SCOTUS civil rights ruling effectively ends Harvard Greek-life policy saga
Harvard announced that it is ending its social group regulations, which bar members of gender-selective clubs from holding various leadership roles.
The Supreme Court’s decision on Bostock v. Clayton County, which ruled that the Civil Rights Act prohibits employment discrimination based on gender identity, influenced the decision.
Harvard is removing its controversial social group sanctions following a recent Supreme Court decision about sex discrimination.
The university implemented sanctions against members of single-gender Greek organizations and the school’s famously exclusive “final clubs” in 2016. Starting with the class of 2021, students in those groups would have been barred from holding leadership positions in certain extracurricular clubs and varsity sports.
These sanctions were intended to remove gender as a barrier to certain social spaces among university students.
However, after the recent Supreme Court opinion on Bostock v. Clayton County — in which the Court decided that Title VII of the Civil Rights Act prohibits employment discrimination based on gender identity — Harvard is ending its enforcement of the sanctions.

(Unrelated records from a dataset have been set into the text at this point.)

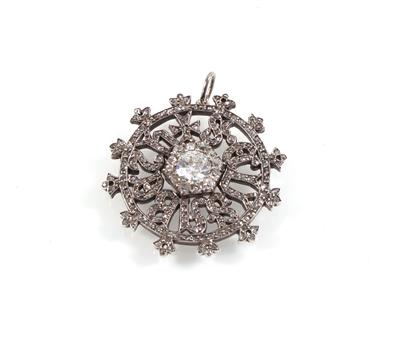 Diamantanhänger St. Elisabeth zus. ca. 2,50 ct - Schmuck online auction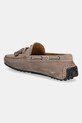 Obuwie Hackett London mokasyny zamszowe DRIVER TASSEL HMS21486 brązowy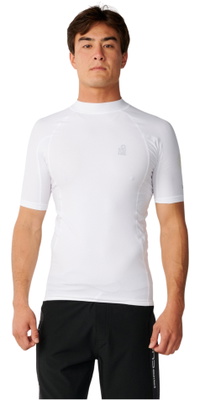 2026 Rip Curl Herre S-Series UPF Perf Kortærmet Lycra Vest 18EMRV - White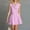*Pink, variant on ClodeEU Women's Linen V Neck Sleeveless Lapel Mini Dress,Solid Color Casual Midi Dress Black,Women's Plus L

In 2018, various Greek organizations and student groups filed lawsuits against Harvard in both Massachusetts and federal court. They reasoned that the policy effectively punished students for desiring association with individuals of the same sex and that the policy forwarded the view that male social groups are likely to be bigoted and sexually violent.
In an email Monday, Harvard president Lawrence Bacow said the Supreme Court’s decision means that Harvard will likely lose one of the suits, which U.S. District Judge Nathaniel Gorton declined to dismiss in August 2019.
“It now seems clear that Judge Gorton would ultimately grant judgment in the plaintiffs’ favor in the pending lawsuit and that Harvard would be legally barred from further enforcing the policy,” wrote Bacow.
However, the university is still committed to combating perceived gender barriers. Bacow included in his email that “Harvard is fairer and better when a student’s gender does not stand as a barrier to social opportunities while in college or inhibit students’ access to alumni networks that can help enable opportunities later in life,” and encouraged organizations to rethink gender-specific policies.
“We applaud the many previously single-gender social organizations that have changed their membership policies to become more inclusive since the College first announced its policy in 2016. And, especially at a time of intense nationwide scrutiny directed at structures and systems that have reinforced privilege and inequity throughout society, we urge the remaining unrecognized single-gender social organizations to take this occasion to reflect further on their own membership policies,” wrote Bacow.
“This is a moment when many organizations are questioning and rethinking longstanding practices that have contributed to exclusion and unequal opportunity,” he added. “I hope that both the students who lead the remaining single-gender social organizations and the graduates who govern them will see fit to join in that effort, in the spirit of inclusion that our students deserve and our times demand.”